Thursday, January 26, 2012

pERsOnaL DiSTanCe

When I was younger, I reacted to hunger and poverty from the safety of distance.  What little I could discern about these concepts came from news snippets over the radio, photographs and videos on the TV, random articles in newspapers or magazines, a book or two, and possibly even classroom lessons.  Yet the emotions I had were as abstract as the concepts themselves.  Sure, I felt outrage.  I felt anger.  I felt sadness.  I felt helpless.  But overwhelmingly, I felt distant.

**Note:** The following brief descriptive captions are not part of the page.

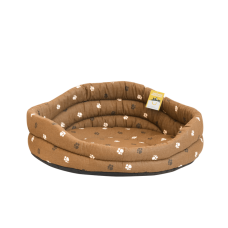 Моськи-Авоськи Лежанка круглая стёганая с подушкой, 57х57х20 см, цвет коричневый
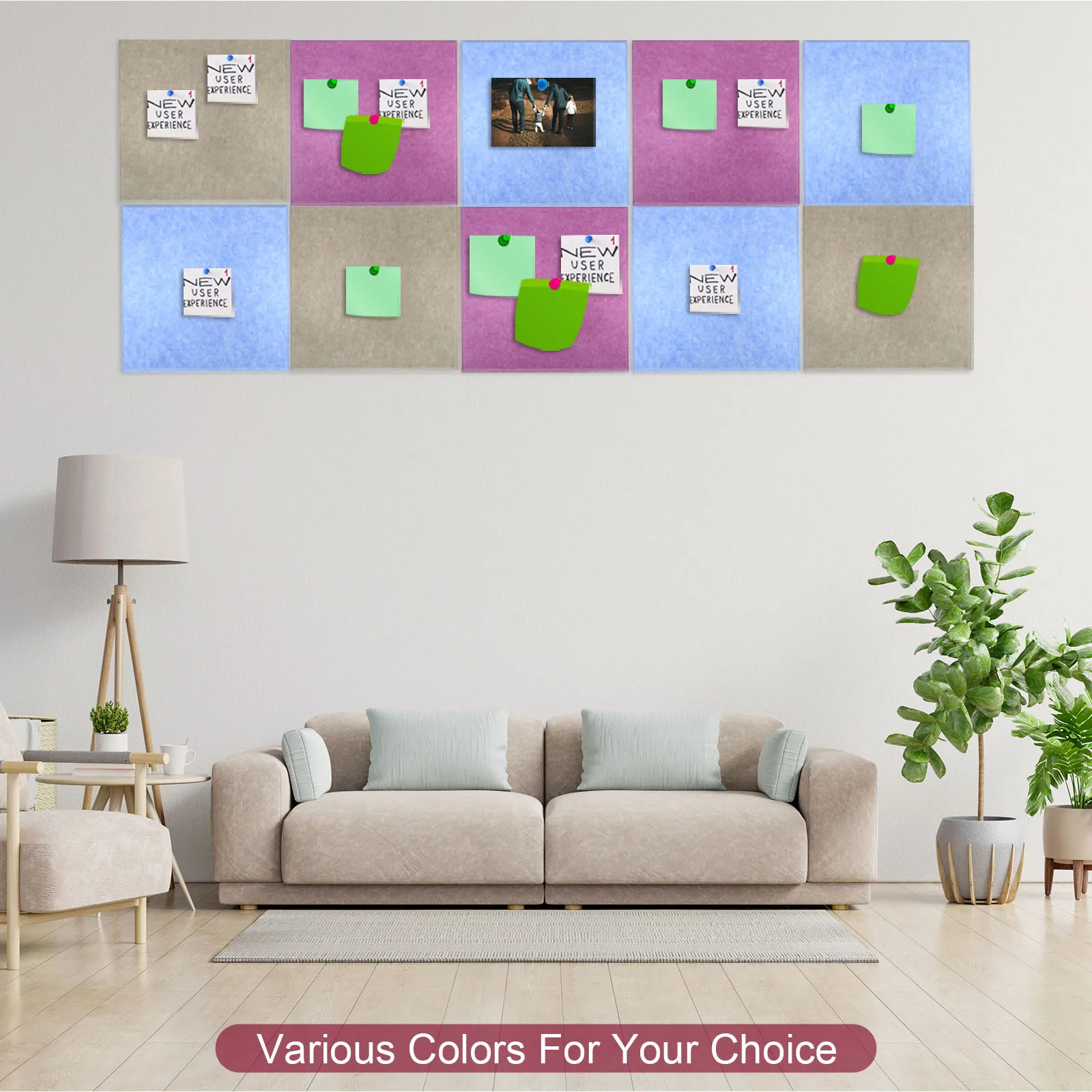 6Pcs Felt Bulletin Message Board Felt Board Tile Self Adhesive Square Wall Message Cork Pin Bulletin with Push Pins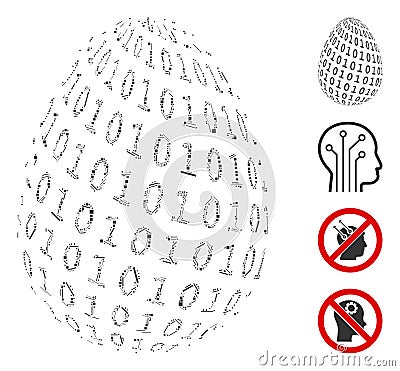 Hatch Binary Digital Egg Icon Vector Mosaic Cartoon Illustration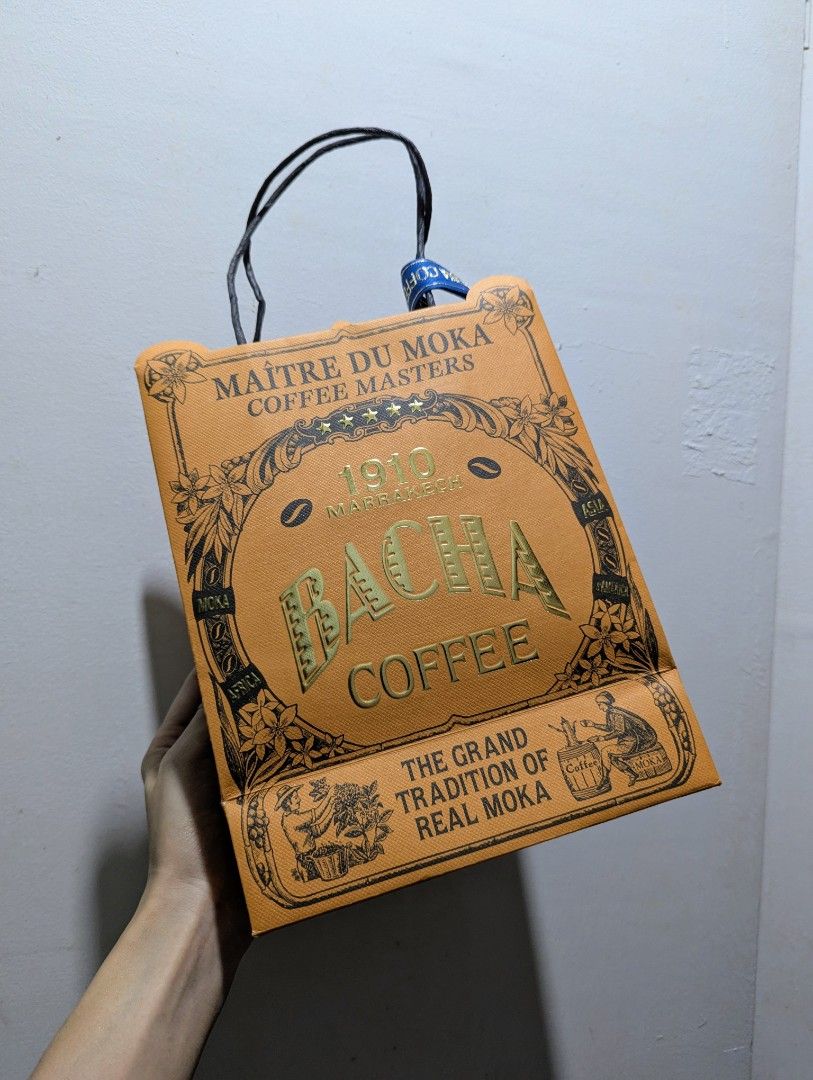 Bacha Coffee Paperbag only (Category: Beverages) located in Davao. Submitted by betty_2013 (Listing ID 1397922582, Image 2). Description: original Bacha Coffee Paperbag only bought from Singapore airport crisp. no damage..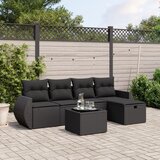 vidaXL 6-dijelni set vrtnih sofa s jastucima crni od poliratana | shoptok.hr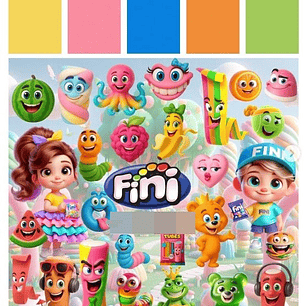 Kit Digital Doces Fini 3D em Png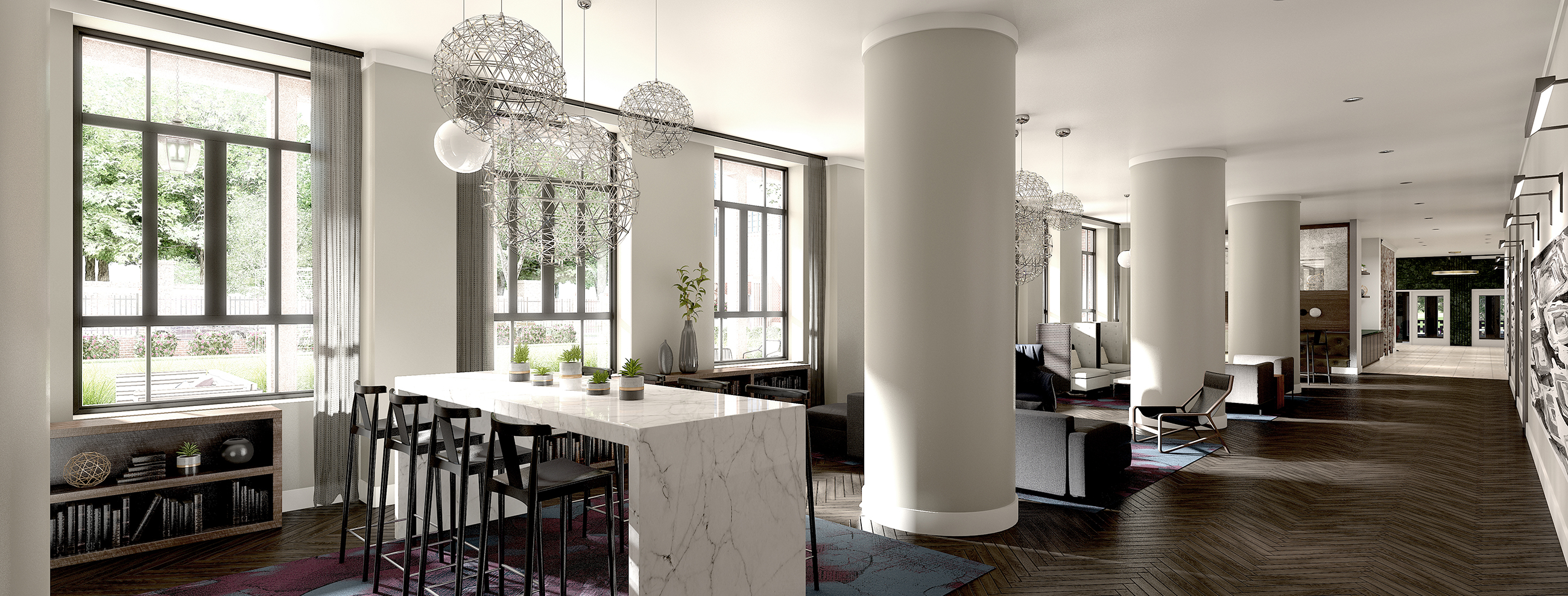 Âme Apartments contemporary lounge area with modern furnishings and lighting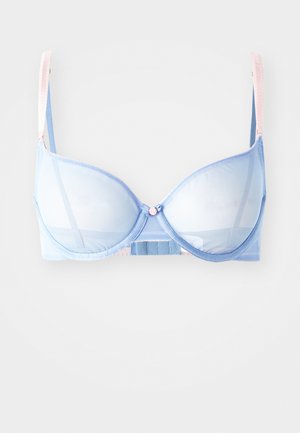 Light blue sheer bra with soft, smooth cups, adjustable pastel straps, and delicate button detail at the center.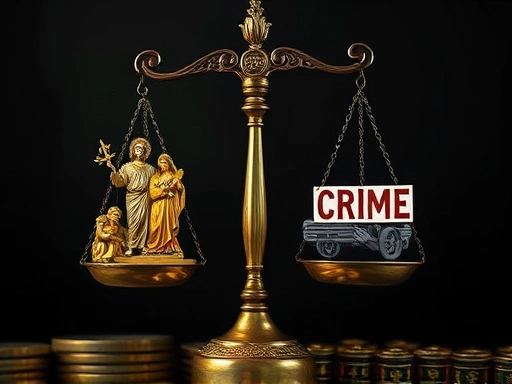 A balanced conceptual image showing scales of justice with elements of religious symbols on one side and societal issues like crime on the other, depicting the complex interplay. Focus on abstract representation, not specific religions.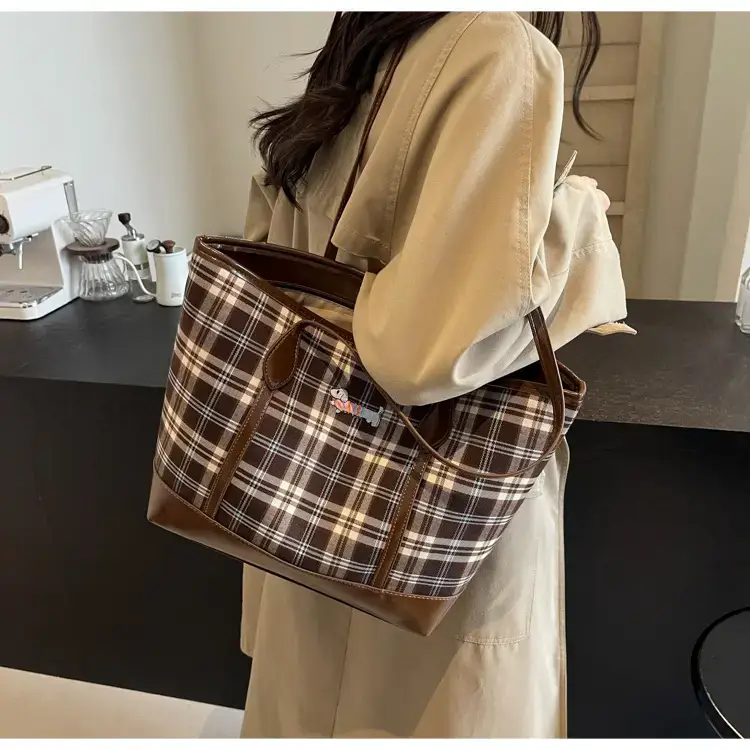 Vintage Plaid Tote Bag Large Capacity Brown — feature 40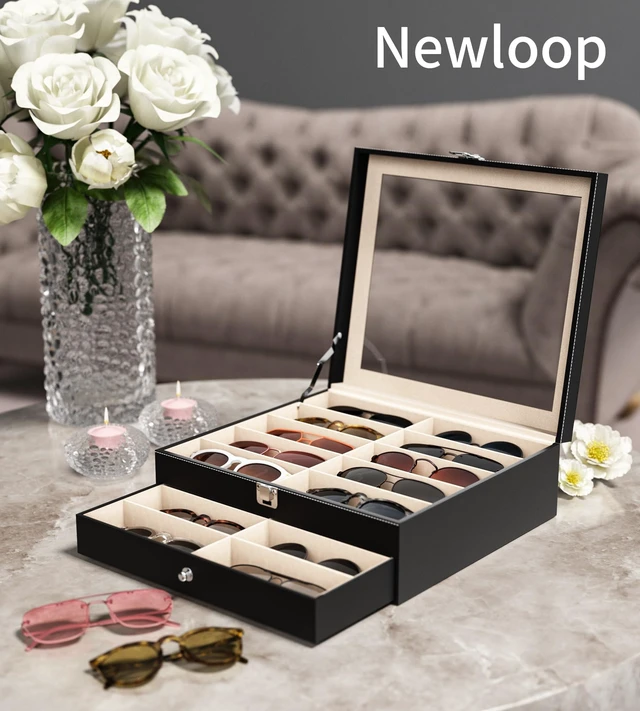 Alt view image 2 of 7 - NEWLOOP Sunglasses Organizer Real Glass Display Case Holder for Women Men | Sunglass Storage Box with 2 Layers Eyeglass Jewelry Stand for Multiple Pairs of Sun Glass 20 Slots Black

Today, the hunger and the poverty stared me in my face, and they left me winded.  When a 5-year-old boy comes into class crying out of hunger because his parents have yet again spent all the money on alcohol but not on food for him and his siblings, it messes me up.  When a preschooler hits his classmate because he is so hungry and he wants to get that last spoon of rice on the plate, it messes me up.  When we send a child home for the weekend not knowing if he or she will even have food to eat over the next two days, it messes me up.  But overwhelmingly, it now feels personal.

I work with these little ones.  I see their scrawny bodies and their hollow cheeks.  I see them cry and I wipe their tears.  I see the teachers stuff food into the children’s pockets so their stomachs will not hurt at night from the emptiness.  While my heart aches for them, I also feel like I am finally able to do something for them.  Because the issues are no longer far away.  Because the reality is now mine.

It is no longer about me feeling.  It is about me doing.

1 comment:

Fania said...

May God bless you more and more!!! Your post is very moving. Thank you!!!